Create a UserMessage from an OpenAI-format message dictionary.

Handles both plain text content strings and lists of content chunk dictionaries for multimodal messages.

Parameters

openai_message – A dictionary with role set to "user" and a content key containing either a string or a list of content chunk dictionaries.

Returns

A new UserMessage instance with properly typed content.

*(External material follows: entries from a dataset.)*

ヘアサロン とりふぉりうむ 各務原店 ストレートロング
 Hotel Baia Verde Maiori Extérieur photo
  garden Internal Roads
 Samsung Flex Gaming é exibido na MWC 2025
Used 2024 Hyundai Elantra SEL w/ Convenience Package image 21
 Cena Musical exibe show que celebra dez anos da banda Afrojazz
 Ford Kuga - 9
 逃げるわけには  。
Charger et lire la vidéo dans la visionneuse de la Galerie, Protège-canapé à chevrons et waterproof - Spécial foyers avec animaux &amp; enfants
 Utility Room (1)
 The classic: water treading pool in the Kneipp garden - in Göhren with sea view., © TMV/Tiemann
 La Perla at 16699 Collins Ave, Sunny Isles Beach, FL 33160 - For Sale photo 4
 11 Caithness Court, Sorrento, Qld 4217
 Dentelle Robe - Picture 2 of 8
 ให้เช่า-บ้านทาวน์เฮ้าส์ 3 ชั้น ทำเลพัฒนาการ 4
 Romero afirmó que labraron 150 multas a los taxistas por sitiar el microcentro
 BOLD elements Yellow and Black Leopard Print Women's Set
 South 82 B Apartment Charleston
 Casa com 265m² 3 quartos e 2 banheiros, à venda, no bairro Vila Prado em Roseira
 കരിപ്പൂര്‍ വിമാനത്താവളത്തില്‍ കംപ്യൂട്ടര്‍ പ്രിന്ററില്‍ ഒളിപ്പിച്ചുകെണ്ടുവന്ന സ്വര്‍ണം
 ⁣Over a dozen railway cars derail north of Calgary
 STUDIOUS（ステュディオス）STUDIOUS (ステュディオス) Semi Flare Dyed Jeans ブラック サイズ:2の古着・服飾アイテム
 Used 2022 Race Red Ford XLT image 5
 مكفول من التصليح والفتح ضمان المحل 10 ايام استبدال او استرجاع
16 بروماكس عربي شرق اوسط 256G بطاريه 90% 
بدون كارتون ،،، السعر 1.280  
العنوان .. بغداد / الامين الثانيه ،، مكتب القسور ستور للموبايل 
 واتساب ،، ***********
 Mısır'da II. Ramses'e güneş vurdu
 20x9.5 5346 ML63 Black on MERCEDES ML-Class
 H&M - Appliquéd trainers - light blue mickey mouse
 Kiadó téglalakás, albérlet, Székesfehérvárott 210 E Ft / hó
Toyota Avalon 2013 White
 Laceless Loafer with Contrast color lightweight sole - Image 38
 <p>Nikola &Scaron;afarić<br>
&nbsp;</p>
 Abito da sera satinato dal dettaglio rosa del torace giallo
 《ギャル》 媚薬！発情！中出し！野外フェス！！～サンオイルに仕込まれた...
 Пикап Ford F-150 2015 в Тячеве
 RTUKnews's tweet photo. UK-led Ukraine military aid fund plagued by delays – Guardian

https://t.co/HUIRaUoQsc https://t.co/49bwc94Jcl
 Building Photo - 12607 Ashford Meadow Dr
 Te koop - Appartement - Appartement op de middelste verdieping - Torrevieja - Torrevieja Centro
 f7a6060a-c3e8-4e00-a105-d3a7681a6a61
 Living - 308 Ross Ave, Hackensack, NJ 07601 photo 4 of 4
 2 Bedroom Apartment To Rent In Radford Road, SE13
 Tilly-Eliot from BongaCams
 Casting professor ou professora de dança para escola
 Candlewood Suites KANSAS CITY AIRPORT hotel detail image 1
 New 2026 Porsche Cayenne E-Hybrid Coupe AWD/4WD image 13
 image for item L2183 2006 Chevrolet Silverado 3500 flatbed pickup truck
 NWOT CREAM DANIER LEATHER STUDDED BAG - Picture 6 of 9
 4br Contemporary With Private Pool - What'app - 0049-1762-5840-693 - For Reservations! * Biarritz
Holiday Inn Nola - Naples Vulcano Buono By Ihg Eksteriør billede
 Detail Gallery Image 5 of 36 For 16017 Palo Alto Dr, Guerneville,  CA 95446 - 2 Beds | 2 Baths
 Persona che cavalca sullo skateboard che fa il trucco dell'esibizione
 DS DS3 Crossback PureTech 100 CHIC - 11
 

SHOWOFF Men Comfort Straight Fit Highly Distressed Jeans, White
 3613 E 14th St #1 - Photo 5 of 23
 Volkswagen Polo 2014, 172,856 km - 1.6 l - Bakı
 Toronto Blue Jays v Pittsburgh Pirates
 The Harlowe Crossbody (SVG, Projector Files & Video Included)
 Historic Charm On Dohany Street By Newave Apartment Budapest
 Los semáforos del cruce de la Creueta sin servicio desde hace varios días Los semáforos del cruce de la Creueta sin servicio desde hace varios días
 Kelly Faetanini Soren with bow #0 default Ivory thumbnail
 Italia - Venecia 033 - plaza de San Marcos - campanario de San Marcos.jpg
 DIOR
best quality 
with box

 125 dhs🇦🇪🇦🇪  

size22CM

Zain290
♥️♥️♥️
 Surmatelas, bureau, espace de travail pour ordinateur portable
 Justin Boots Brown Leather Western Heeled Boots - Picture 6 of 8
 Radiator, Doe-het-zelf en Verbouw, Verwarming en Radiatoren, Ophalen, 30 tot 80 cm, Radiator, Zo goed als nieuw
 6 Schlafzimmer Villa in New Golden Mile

model_config: ClassVar[ConfigDict] = {'extra': 'forbid', 'use_enum_values': True, 'validate_default': True}#

Configuration for the model, should be a dictionary conforming to [ConfigDict][pydantic.config.ConfigDict].

role: user: 'user'>]#
to_openai() dict[str, str | list[dict[str, str | dict[str, Any]]]][source]#

Convert the user message to OpenAI API format.

Handles both plain text content (returned as a string) and multimodal content (returned as a list of content chunk dictionaries).

Returns

A dictionary with role and content keys in OpenAI format.